# What the exercise asks
When you reach the line that holds "Hello Kitty Other", start copying exactly and keep going through the final line of the data, leaving out pictures.

# Provided data
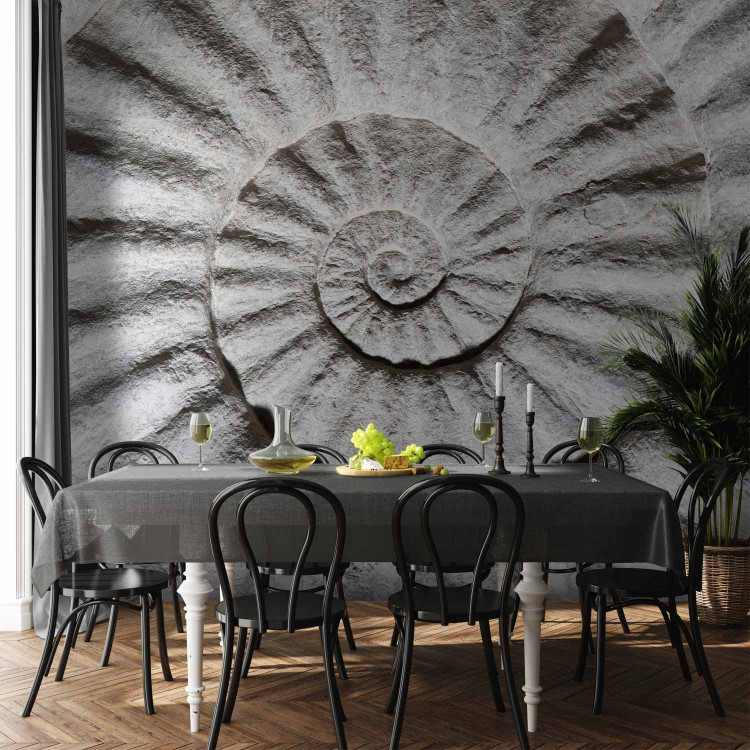 Photo Wallpaper Stone Ammonite - Abstract Design in Grayish-white Seashell Pattern 61004 additionalImage 6
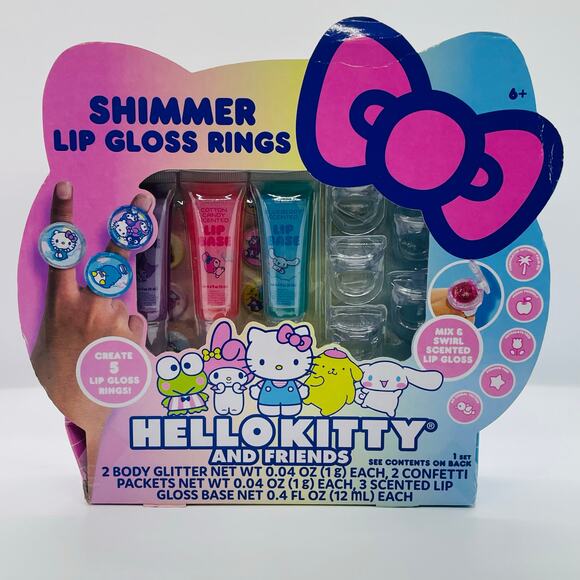 Hello Kitty Other - Hello Kitty & Friends Shimmer Lip Gloss rings- NEW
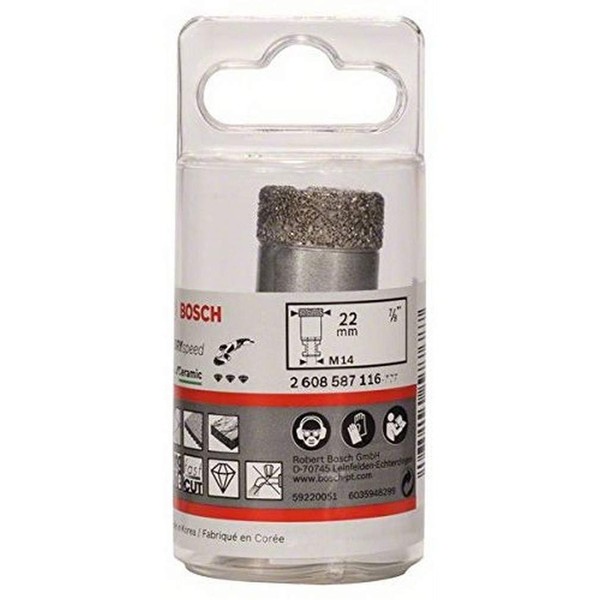 Bosch 2608587116 Dry Speed Diamond Hole Cutter, M22, 22mm x 35mm, Silver
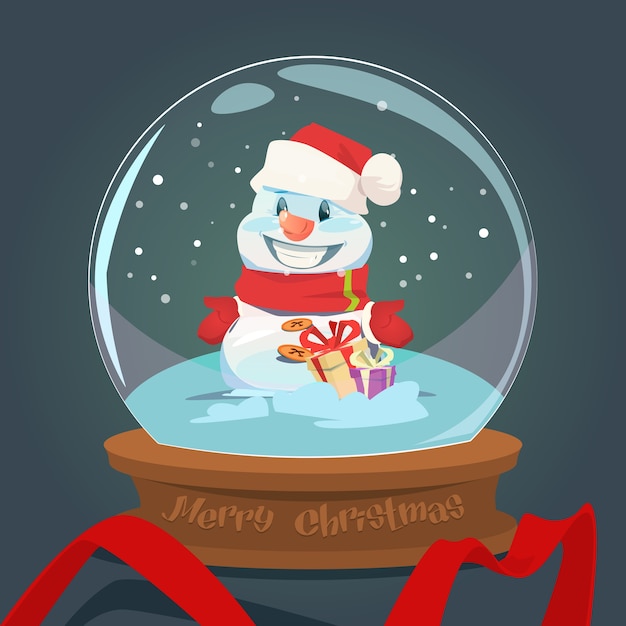 Vector snowman wish glass ball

# Task response
 Hello Kitty Other - Hello Kitty & Friends Shimmer Lip Gloss rings- NEW
 Bosch 2608587116 Dry Speed Diamond Hole Cutter, M22, 22mm x 35mm, Silver
 Vector snowman wish glass ball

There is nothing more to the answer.